# [WORK INSTRUCTION]
Reproduce exactly, and only, the lines below from the one containing "GMC Terrain AWD 4dr AT4 2024" through the one containing "Jullyanna Viegas assume".
━━━━━ RECORD SET ━━━━━
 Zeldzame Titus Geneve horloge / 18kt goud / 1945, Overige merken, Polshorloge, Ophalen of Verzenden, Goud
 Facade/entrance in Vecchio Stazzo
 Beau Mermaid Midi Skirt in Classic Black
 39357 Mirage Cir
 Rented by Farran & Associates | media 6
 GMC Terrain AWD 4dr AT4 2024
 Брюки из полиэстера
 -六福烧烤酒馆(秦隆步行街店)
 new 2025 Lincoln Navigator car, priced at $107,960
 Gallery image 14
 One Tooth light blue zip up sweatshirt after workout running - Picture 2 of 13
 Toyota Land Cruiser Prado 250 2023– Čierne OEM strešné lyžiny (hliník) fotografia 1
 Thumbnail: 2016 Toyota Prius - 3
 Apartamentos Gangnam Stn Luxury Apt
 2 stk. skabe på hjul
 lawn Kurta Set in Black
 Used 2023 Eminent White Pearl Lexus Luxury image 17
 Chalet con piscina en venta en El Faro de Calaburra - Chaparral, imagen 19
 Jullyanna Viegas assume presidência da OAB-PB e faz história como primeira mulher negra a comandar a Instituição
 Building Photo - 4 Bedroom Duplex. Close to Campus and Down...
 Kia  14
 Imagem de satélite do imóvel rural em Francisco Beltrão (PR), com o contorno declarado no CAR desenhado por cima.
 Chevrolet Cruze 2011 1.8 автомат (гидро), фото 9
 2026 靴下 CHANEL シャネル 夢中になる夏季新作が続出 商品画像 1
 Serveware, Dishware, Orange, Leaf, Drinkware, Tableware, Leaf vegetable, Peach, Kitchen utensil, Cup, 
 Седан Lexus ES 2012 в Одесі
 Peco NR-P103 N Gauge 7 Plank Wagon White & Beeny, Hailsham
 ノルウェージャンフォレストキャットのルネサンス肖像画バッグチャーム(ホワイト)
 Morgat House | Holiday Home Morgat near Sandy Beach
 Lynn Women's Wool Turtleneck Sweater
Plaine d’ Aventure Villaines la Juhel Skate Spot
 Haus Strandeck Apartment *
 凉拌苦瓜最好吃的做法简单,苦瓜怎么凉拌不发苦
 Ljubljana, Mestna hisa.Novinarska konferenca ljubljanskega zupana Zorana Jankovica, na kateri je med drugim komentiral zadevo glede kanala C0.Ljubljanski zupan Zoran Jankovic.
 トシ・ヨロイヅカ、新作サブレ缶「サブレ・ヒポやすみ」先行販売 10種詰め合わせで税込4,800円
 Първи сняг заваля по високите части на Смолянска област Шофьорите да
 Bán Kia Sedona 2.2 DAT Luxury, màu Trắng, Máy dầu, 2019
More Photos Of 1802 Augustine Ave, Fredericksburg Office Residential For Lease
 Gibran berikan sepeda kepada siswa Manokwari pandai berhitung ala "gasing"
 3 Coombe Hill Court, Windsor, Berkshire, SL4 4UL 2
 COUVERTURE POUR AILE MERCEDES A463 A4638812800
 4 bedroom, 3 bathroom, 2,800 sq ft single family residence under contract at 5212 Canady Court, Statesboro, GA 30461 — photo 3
━━━━━
# [FINAL ANSWER]
 GMC Terrain AWD 4dr AT4 2024
 Брюки из полиэстера
 -六福烧烤酒馆(秦隆步行街店)
 new 2025 Lincoln Navigator car, priced at $107,960
 Gallery image 14
 One Tooth light blue zip up sweatshirt after workout running - Picture 2 of 13
 Toyota Land Cruiser Prado 250 2023– Čierne OEM strešné lyžiny (hliník) fotografia 1
 Thumbnail: 2016 Toyota Prius - 3
 Apartamentos Gangnam Stn Luxury Apt
 2 stk. skabe på hjul
 lawn Kurta Set in Black
 Used 2023 Eminent White Pearl Lexus Luxury image 17
 Chalet con piscina en venta en El Faro de Calaburra - Chaparral, imagen 19
 Jullyanna Viegas assume presidência da OAB-PB e faz história como primeira mulher negra a comandar a Instituição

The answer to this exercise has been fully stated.